AUBURN, Ala. — Will Muschamp hasn't been able to do any on-field coaching just yet. But Auburn's new defensive coordinator has already been able to get a grasp on his unit thanks to the Tigers' offseason workout program.
Coaches are permitted to monitor their players' progression in the weight room. And according to Muschamp, he's been able to do a bit more than that since he was hired in December.
"The NCAA allows us to meet with them and go over football and talk in terms of film. And (we can) watch film and go over football — schemes and things," he said. "You're able to do a lot more now than two years ago by what rules allow. But you play football with a helmet and shoulder pads on, and that's what I'm waiting to see."
In 15 practices this spring — including the annual A-Day game on April 18 — Muschamp will have the chance to get a better feel for the players already on the roster. But this summer, the Tigers will bring in members of their 2015 recruiting class. Thanks to a change in the NCAA's by-laws made in December 2013, coaching staffs can now require players to take part in summer activities, capped at eight hours per week.
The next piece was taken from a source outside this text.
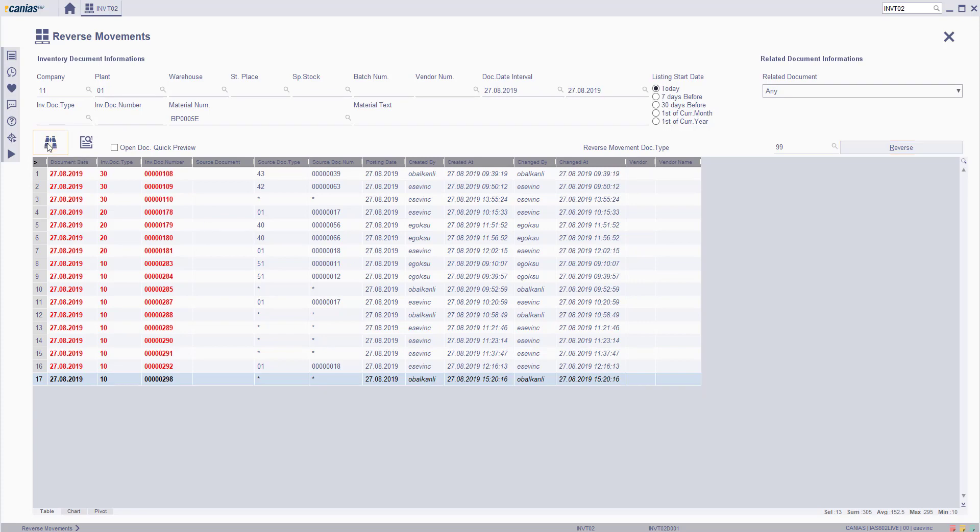Now, if it's going to be a partial reverse movement, choose the row you would like to proceed with and click detail.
Previously, coaches were not allowed any contact with their players during the summer months.
While the amended by-law doesn't include on-field activities, coaches can now work with players on conditioning, weight training and — perhaps most importantly — studying film up to two hours per week.
It is that aspect, Muschamp believes, that plays the biggest part in helping a high school player make a successful transition to the college level.
"A lot of it has to do with scheme, terminology, being able to understand (things), not thinking, but reacting when you get on the field," he said. "That's a huge part of being a good football player — being able to play fast and not have to think about your assignments, but react to your assignments. For guys, the more they hear it, the more reps they get at it mentally and physically, helps them be a better player."